On April 24, the Governor of Kansas signed into law Kansas Senate Bill 44, which enacts the Financial Institutions Information Security Act (the “Act”). The Act requires credit services organizations, mortgage companies, supervised lenders, money transmitters, trust companies, and technology-enabled fiduciary financial institutions to comply with the requirements of the GLBA’s Safeguards Rule, as in effect on July 1, 2023. (16 C.F.R. § 314.1 et seq.). The only available exemption from the Act’s requirements is for entities that are directly regulated by a federal banking agency.
The Act requires covered entities in Kansas to create standards regarding the development, implementation, and maintenance of reasonable safeguards to protect the security, confidentiality, and integrity of customer information. For purposes of the Act, “customer information” is broadly defined as “any record containing nonpublic personal information about a customer of a covered entity, whether in paper, electronic or other form, that is handled or maintained by or on behalf of the covered entity or its affiliates.” However, the Act also requires that an entity’s customer information standards be consistent with, and made pursuant to, the GLBA’s Safeguard Rule.
The Safeguard Rule is a regulation stemming from the GLBA that requires non-banking financial institutions to develop, implement, and maintain a comprehensive security program to protect the information of their customers. The Safeguard Rule is currently implementing new requirements, set to become effective on June 9, 2023, which we previously covered in greater detail within the CyberAdviser blog, please see here and here. The Safeguard Rule lays out three main objectives for information security programs: (1) Insure the security and confidentiality of customer information; (2) Protect against any anticipated threats or hazards to the security or integrity of such information; and (3) Protect against unauthorized access to or use of such information that could result in substantial harm or inconvenience to any customer.

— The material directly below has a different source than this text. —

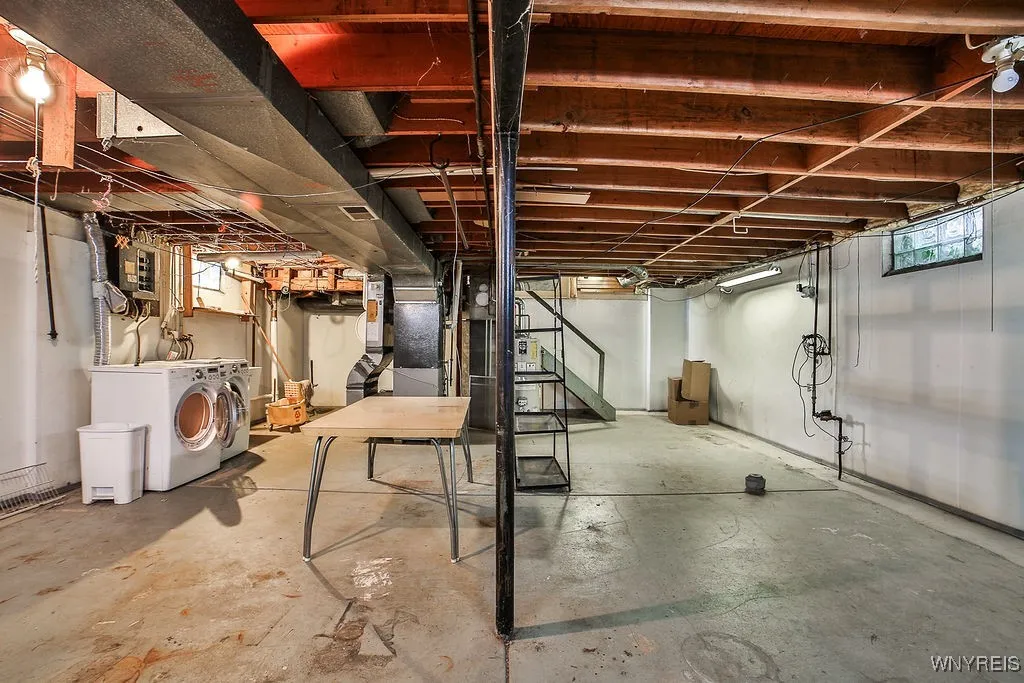 21 Half Moon Court, North Tonawanda, New York 1412, North Tonawanda, New York 14120, 4 Bedrooms Bedrooms, 10 Rooms Rooms,1 BathroomBathrooms,Residential,Closed,21 Half Moon Court, North Tonawanda, New York 1412,0,B1587543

As of June 9, those objectives will require applicable companies to, in part: (1) Designate a qualified individual to oversee their information security program; (2) Develop a written risk assessment; (3) Limit and monitor who can access customer information; (4) Encrypt information in transit and at rest; (7) Train security personnel; (6) Develop a written incident response plan; and (8) Implement multifactor authentication whenever anyone accesses customer information. However, the Safeguards Rule does not fully apply to financial institutions that fit within certain exceptions or have primary regulators other than the FTC. Those entities in particular should assess whether the Act may require them to comply with the Safeguard Rule. And, whereas covered entities subject to the FTC’s Safeguards Rule have been working for months if not years to comply, the Kansas Act will require compliance within a matter of months.
Additionally, the Act required covered entities to develop and organize their information security program “into one or more readily accessible parts,” and maintain that program in accordance with the books and record retention requirements of the covered entity. Lastly, the new act provides the Kansas Office of the State Bank Commissioner the discretionary ability to issue regulations to implement the Act.